**SOURCE RECORDS**
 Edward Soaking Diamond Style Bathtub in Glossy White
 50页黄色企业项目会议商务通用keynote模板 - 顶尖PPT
==
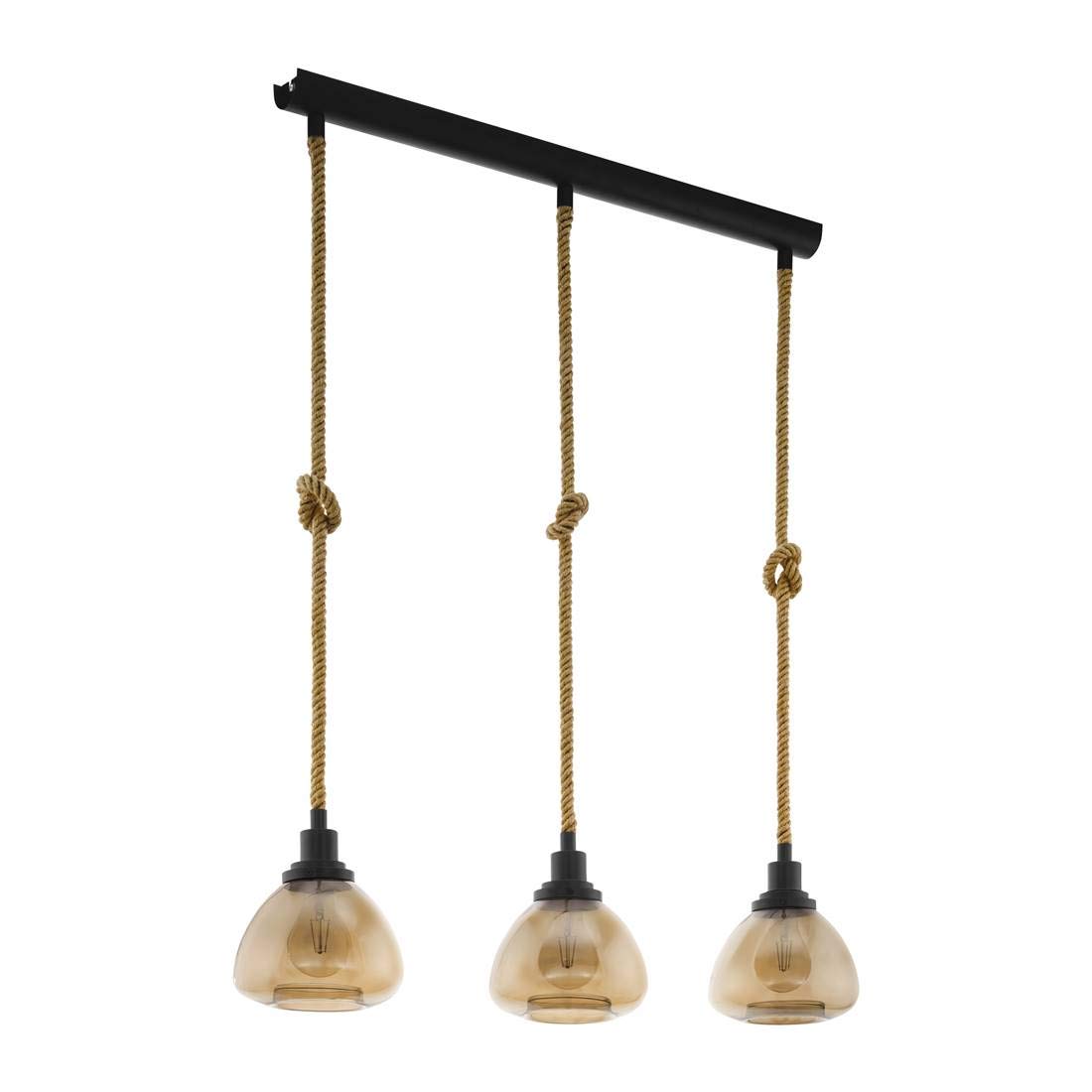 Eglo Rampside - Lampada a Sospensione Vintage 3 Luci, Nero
--
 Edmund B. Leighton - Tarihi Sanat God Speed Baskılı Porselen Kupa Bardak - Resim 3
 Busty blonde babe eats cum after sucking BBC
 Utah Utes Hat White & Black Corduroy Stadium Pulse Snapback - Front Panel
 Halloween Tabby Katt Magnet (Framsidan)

**TASK INSTRUCTIONS**
Copy out every line in the entries above that holds "White".

**EXERCISE RESULT**
 Edward Soaking Diamond Style Bathtub in Glossy White
 Utah Utes Hat White & Black Corduroy Stadium Pulse Snapback - Front Panel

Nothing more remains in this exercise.